[EXERCISE DIRECTIONS] Give all of the listing again word for word, with images excluded.

**** DATA ****

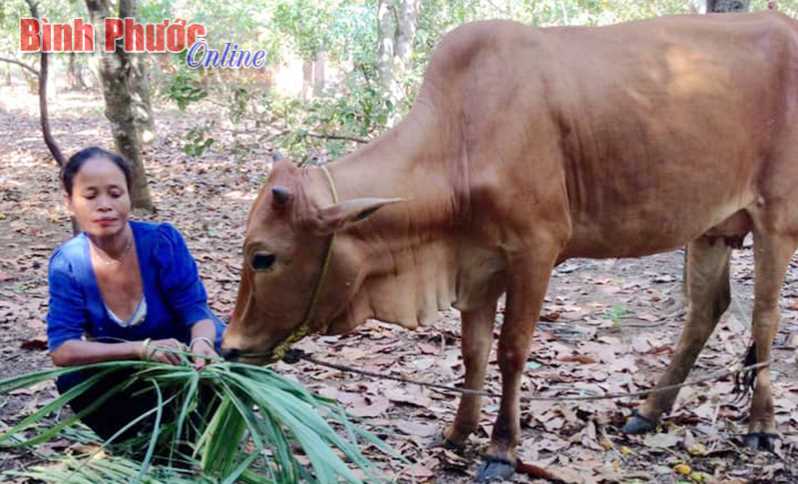 Đồng hành vì sự phát triển của phụ nữ DTTS Đồng hành vì sự phát triển của phụ nữ DTTS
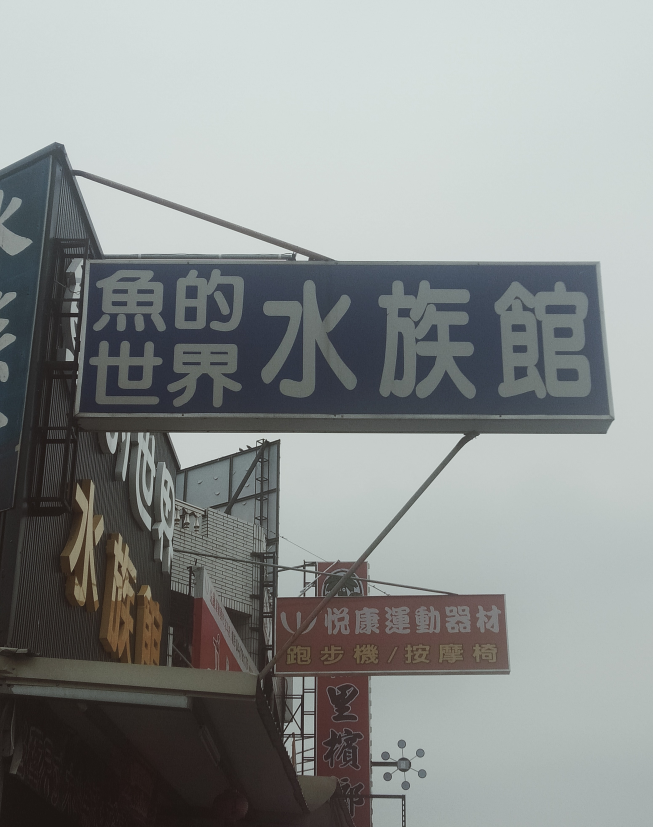 魚的世界水族館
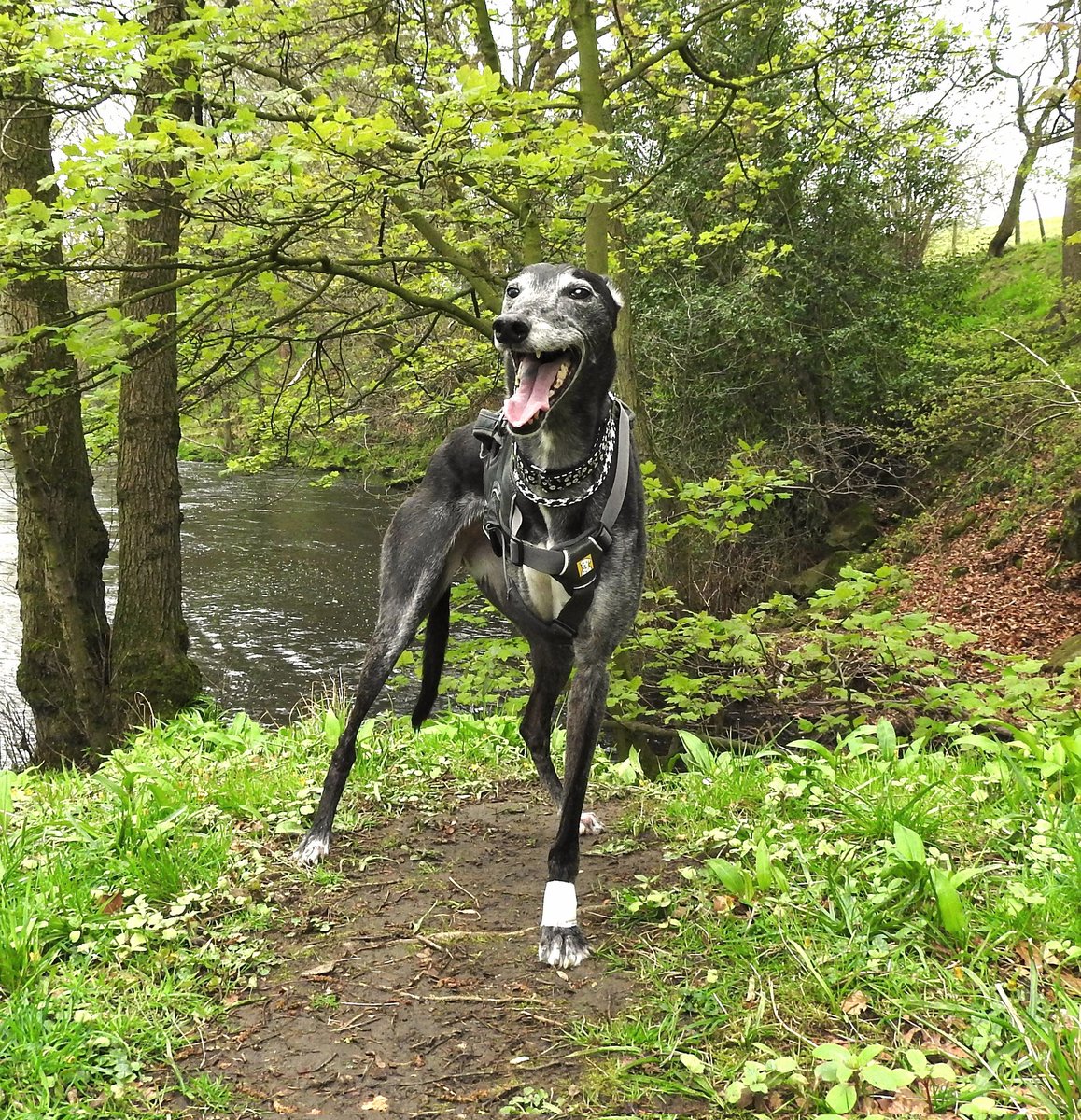 🌿🐾💚Rio in the spring green
countryside.💚🐾🌿
#GreyhoundsMakeGreatPets #GreyhoundsMakeGreytPets #PetsNotBets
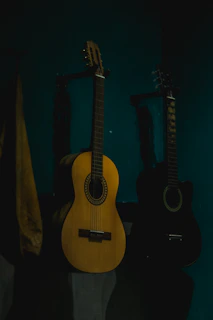 Close-up of TK Shoals duo playing acoustic guitars with vintage microphones.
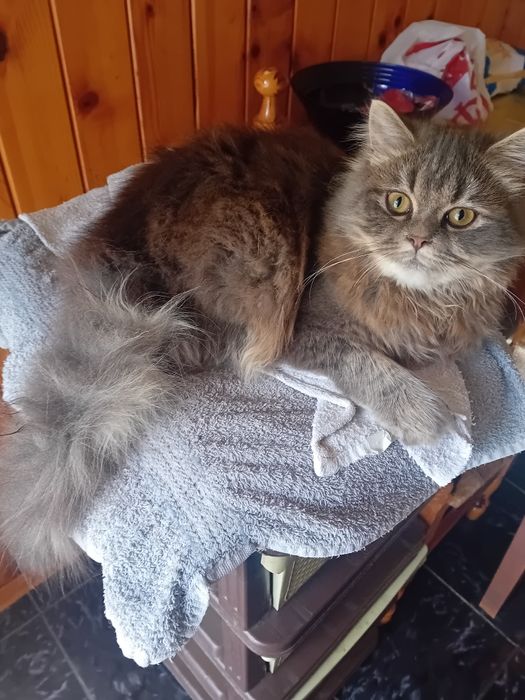 Персиец мъжки котарак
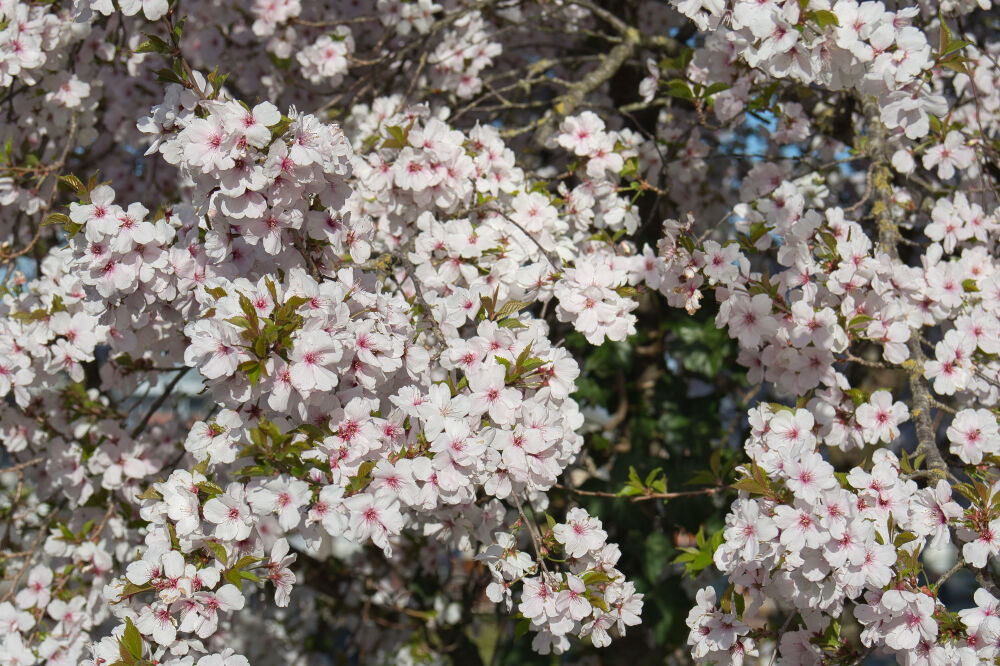 Lente met bloesem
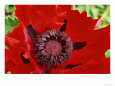 Papaver Orientale (Goliath Group) "Beauty of Livermere," Red Flower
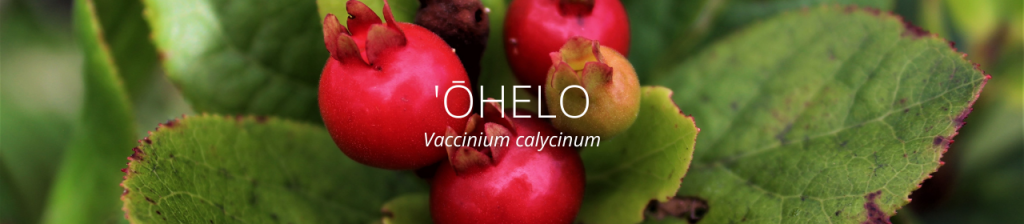 cover image of ohelo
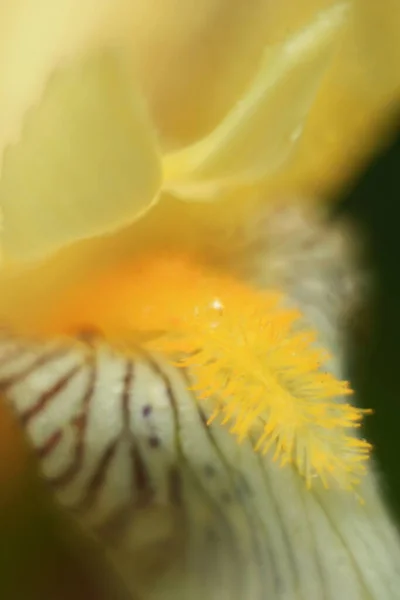Блакитні Іриси Натхнення Ірисами Телефону Планшету Світі Квітів Квіти Краплинах — стокове фото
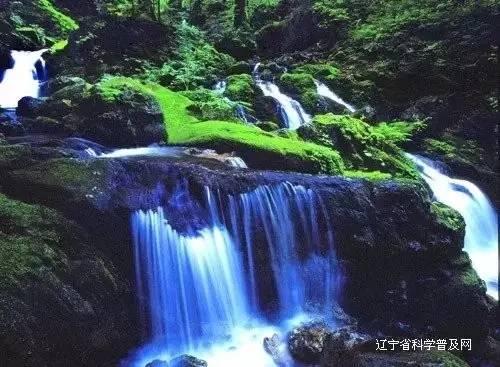 信用卡逾期了，银行直接拒绝协商，怎么办？？直接去银行找他们协商和电话协商，会不会结果是一样的？该怎游戏画面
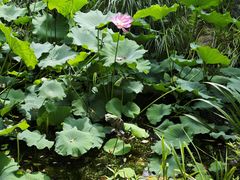 -陈家山荷花公园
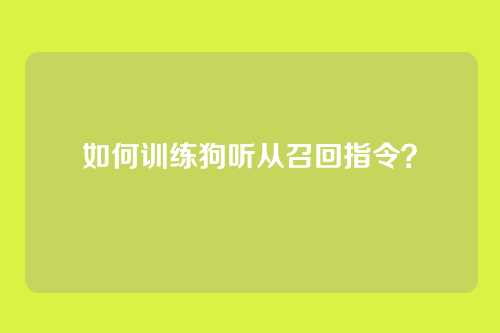 如何训练狗听从召回指令？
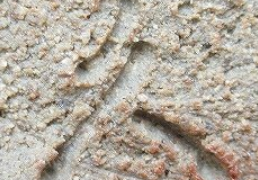 fe9c2fcb18b5feac92ab045f36eaebcd 4 1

****

[ANSWER BELOW]
 Đồng hành vì sự phát triển của phụ nữ DTTS Đồng hành vì sự phát triển của phụ nữ DTTS
 魚的世界水族館
 🌿🐾💚Rio in the spring green
countryside.💚🐾🌿
#GreyhoundsMakeGreatPets #GreyhoundsMakeGreytPets #PetsNotBets
 Close-up of TK Shoals duo playing acoustic guitars with vintage microphones.
 Персиец мъжки котарак
 Lente met bloesem
 Papaver Orientale (Goliath Group) "Beauty of Livermere," Red Flower
 cover image of ohelo
Блакитні Іриси Натхнення Ірисами Телефону Планшету Світі Квітів Квіти Краплинах — стокове фото
 信用卡逾期了，银行直接拒绝协商，怎么办？？直接去银行找他们协商和电话协商，会不会结果是一样的？该怎游戏画面
 -陈家山荷花公园
 如何训练狗听从召回指令？
 fe9c2fcb18b5feac92ab045f36eaebcd 4 1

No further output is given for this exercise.